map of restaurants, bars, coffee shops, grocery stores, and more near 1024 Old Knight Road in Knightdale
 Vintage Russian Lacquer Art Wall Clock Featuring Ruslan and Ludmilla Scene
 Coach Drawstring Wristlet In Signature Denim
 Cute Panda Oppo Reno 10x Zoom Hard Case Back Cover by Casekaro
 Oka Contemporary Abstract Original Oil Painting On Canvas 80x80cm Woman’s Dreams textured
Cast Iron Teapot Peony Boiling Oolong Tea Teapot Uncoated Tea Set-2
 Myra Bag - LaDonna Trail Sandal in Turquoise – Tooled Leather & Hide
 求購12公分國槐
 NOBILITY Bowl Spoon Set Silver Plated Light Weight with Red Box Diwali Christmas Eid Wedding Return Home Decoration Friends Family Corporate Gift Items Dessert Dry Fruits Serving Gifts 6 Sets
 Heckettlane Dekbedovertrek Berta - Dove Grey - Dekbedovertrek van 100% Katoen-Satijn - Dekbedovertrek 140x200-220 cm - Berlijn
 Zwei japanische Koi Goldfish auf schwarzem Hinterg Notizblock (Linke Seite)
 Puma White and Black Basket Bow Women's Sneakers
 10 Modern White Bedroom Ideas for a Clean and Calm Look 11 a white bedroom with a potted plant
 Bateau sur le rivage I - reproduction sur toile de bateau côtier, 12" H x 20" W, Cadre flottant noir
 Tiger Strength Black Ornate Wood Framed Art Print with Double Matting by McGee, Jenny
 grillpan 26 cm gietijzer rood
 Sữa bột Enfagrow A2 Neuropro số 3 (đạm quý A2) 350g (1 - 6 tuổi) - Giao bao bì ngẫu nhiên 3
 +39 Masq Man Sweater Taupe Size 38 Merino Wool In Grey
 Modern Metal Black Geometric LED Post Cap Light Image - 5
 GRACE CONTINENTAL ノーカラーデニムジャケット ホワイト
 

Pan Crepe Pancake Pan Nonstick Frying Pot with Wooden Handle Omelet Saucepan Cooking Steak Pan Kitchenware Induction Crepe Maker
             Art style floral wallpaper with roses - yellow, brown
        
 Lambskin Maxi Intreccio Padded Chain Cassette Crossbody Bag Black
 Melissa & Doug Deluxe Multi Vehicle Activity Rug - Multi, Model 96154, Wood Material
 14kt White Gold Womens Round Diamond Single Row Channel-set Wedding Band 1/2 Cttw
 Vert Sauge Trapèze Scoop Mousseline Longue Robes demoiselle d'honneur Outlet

Aim of the task = Please be sure to repeat every entry exactly.

Task output =
map of restaurants, bars, coffee shops, grocery stores, and more near 1024 Old Knight Road in Knightdale
 Vintage Russian Lacquer Art Wall Clock Featuring Ruslan and Ludmilla Scene
 Coach Drawstring Wristlet In Signature Denim
 Cute Panda Oppo Reno 10x Zoom Hard Case Back Cover by Casekaro
 Oka Contemporary Abstract Original Oil Painting On Canvas 80x80cm Woman’s Dreams textured
Cast Iron Teapot Peony Boiling Oolong Tea Teapot Uncoated Tea Set-2
 Myra Bag - LaDonna Trail Sandal in Turquoise – Tooled Leather & Hide
 求購12公分國槐
 NOBILITY Bowl Spoon Set Silver Plated Light Weight with Red Box Diwali Christmas Eid Wedding Return Home Decoration Friends Family Corporate Gift Items Dessert Dry Fruits Serving Gifts 6 Sets
 Heckettlane Dekbedovertrek Berta - Dove Grey - Dekbedovertrek van 100% Katoen-Satijn - Dekbedovertrek 140x200-220 cm - Berlijn
 Zwei japanische Koi Goldfish auf schwarzem Hinterg Notizblock (Linke Seite)
 Puma White and Black Basket Bow Women's Sneakers
 10 Modern White Bedroom Ideas for a Clean and Calm Look 11 a white bedroom with a potted plant
 Bateau sur le rivage I - reproduction sur toile de bateau côtier, 12" H x 20" W, Cadre flottant noir
 Tiger Strength Black Ornate Wood Framed Art Print with Double Matting by McGee, Jenny
 grillpan 26 cm gietijzer rood
 Sữa bột Enfagrow A2 Neuropro số 3 (đạm quý A2) 350g (1 - 6 tuổi) - Giao bao bì ngẫu nhiên 3
 +39 Masq Man Sweater Taupe Size 38 Merino Wool In Grey
 Modern Metal Black Geometric LED Post Cap Light Image - 5
 GRACE CONTINENTAL ノーカラーデニムジャケット ホワイト
 

Pan Crepe Pancake Pan Nonstick Frying Pot with Wooden Handle Omelet Saucepan Cooking Steak Pan Kitchenware Induction Crepe Maker
             Art style floral wallpaper with roses - yellow, brown
        
 Lambskin Maxi Intreccio Padded Chain Cassette Crossbody Bag Black
 Melissa & Doug Deluxe Multi Vehicle Activity Rug - Multi, Model 96154, Wood Material
 14kt White Gold Womens Round Diamond Single Row Channel-set Wedding Band 1/2 Cttw
 Vert Sauge Trapèze Scoop Mousseline Longue Robes demoiselle d'honneur Outlet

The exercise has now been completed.